Ibiza bietet weit mehr als rauschende Nächte, auch Familien finden hier wunderbare Entspannung und vielfältige Vergnügungen. Die Insel besitzt tausend Gesichter und man kann hier seinen Urlaub verbringen, ohne eine einzige Diskothek gesehen zu haben. Das Innere der „Isla Blanca“ ist reich an herrlicher Natur und Kulturschätzen, die nur darauf warten, entdeckt zu werden, darüber hinaus gibt es weit weg vom Lärm des Nachtlebens viele unberührte Strände. Aus gutem Grund wurden 1999 das historische Zentrum von Ibiza-Stadt und einige archäologische Stätten zum Weltkulturerbe erklärt.

"Wenn Sie das Kap erklimmen, öffnet sich vor Ihnen eine kleine geschützte Bucht, die kaum jemand kennt, mit unglaublich klarem Wasser: Es handelt sich um eine der schönsten und am wenigsten bekannten Ecken der ganzen Insel"

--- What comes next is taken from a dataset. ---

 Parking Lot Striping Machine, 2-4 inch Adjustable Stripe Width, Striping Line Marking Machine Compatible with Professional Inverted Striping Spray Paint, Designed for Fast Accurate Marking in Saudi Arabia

Strände abseits der bekannten Routen

An der Küste zwischen Sant Antoni de Portmany und Santa Eulària reihen sich paradiesische Strände und Buchten mit kristallklarem Meer aneinander. Die Schönheit der in grüne Vegetation eingebetteten kleinen Cala Vadella entfaltet sich insbesondere am Morgen, während man in der Cala Tarida herrlich tauchen und schnorcheln kann. Wunderbar entspannend ist es, nach dem Sonnenbaden eine Sangria auf der Terrasse einer der Bars an der Cala Comte zu genießen. Einen Besuch lohnen auch Cala Bassa und Cala Comte, zwischen Sant Antoni und San Josep di Sa Talaia. Wenn Sie einen einzigartigen Sonnenuntergang erleben wollen, fahren Sie nach Es Vedrà, gegenüber der gleichnamigen Insel gelegen. Im Mai und Juni können Sie die Stille dieser magischen Bucht, vor der sich geheimnisvoll ein Felsen im Meer erhebt, fast alleine erleben. Der Norden ist besonders wild und romantisch, mit Xarraca, Cala Portinatx, Moltons und weiteren Küstenabschnitten mit weißem Sand, an denen man in den Morgenstunden keine Menschenseele trifft.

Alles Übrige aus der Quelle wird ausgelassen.